Azerbaijani President Ilham Aliyev's rare state visit to Tbilisi has drawn significant attention from analysts tracking economic normalisation across the South Caucasus. The visit, which included bilateral meetings with Georgian Prime Minister Irakli Kobakhidze and a joint business forum, comes as trade between Armenia and Azerbaijan — routed almost entirely through Georgian territory — is growing at a pace that is systematically reducing Moscow's economic leverage in the region.

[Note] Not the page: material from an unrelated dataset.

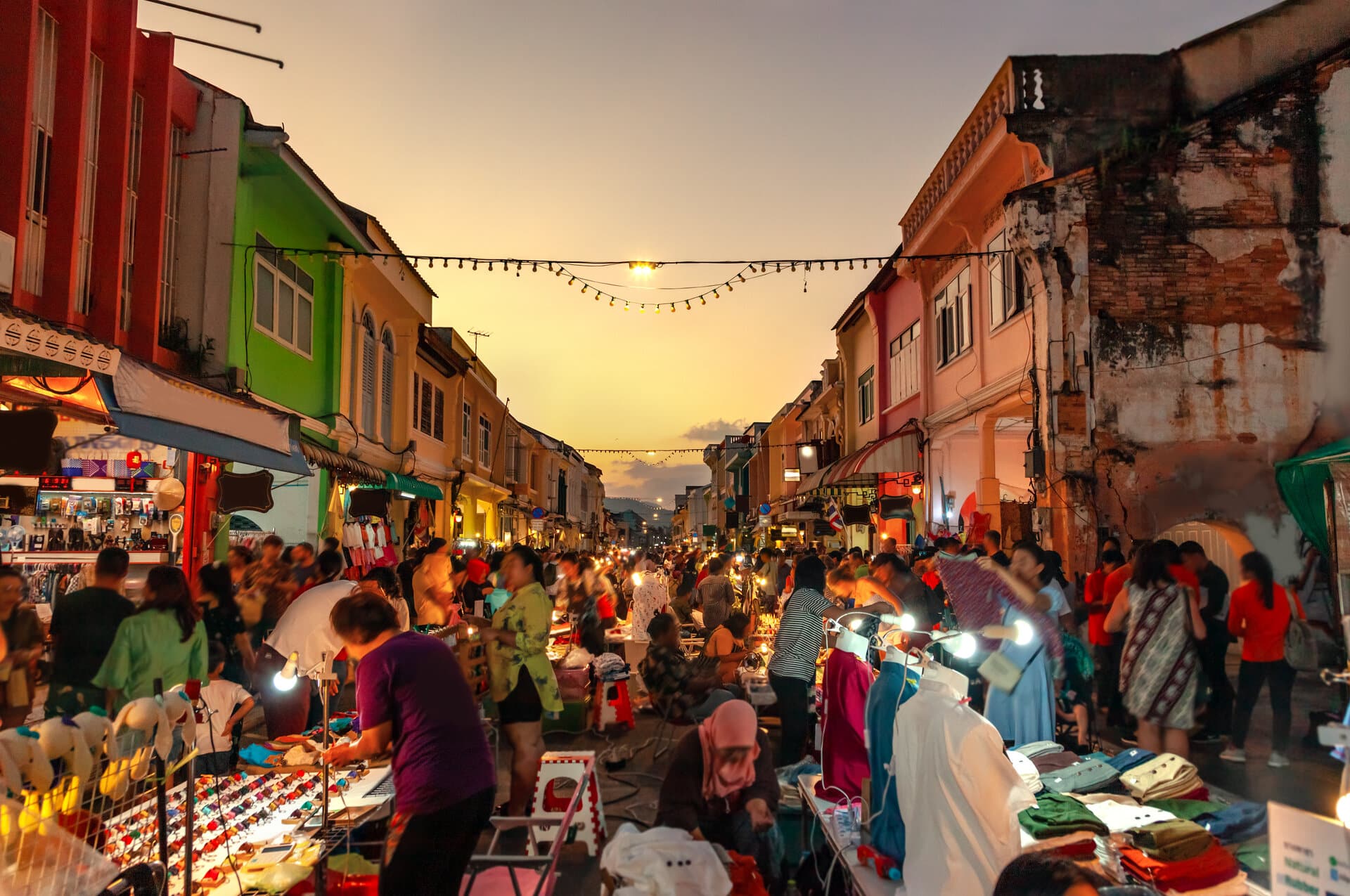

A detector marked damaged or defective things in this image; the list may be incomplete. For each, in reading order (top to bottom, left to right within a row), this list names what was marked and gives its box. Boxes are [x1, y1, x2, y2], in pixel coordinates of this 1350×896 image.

peeling plaster wall [1010, 48, 1344, 577]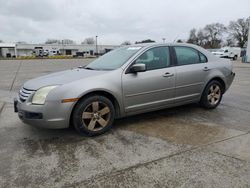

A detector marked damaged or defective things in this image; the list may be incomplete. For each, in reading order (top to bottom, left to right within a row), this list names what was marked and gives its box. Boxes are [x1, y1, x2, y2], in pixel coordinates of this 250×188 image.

crack in pavement [65, 131, 250, 187]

Official figures indicate that Armenia-Azerbaijan bilateral trade, negligible as recently as mid-2024, has surged to several hundred million dollars annually as the two countries act on the commercial provisions of their U.S.-brokered peace framework. Georgia, sitting between them as the indispensable land bridge, captures transit fees, logistics margins, and fuel surcharges on virtually every transaction. Analysts at the Tbilisi-based Economic Policy Research Centre estimate that corridor-related revenues added approximately 0.4 percentage points to Georgia's GDP growth in the second half of 2025.
Aliyev's presence in Tbilisi carries symbolic weight beyond the trade numbers. Azerbaijan has historically maintained warm but carefully bounded relations with Georgia, conscious of not threatening Georgian sovereignty while also relying on Georgian infrastructure for its own oil and gas exports to Europe. The latest visit signals that Baku is prepared to deepen economic integration with Tbilisi in ways previously handled at ministerial rather than presidential level.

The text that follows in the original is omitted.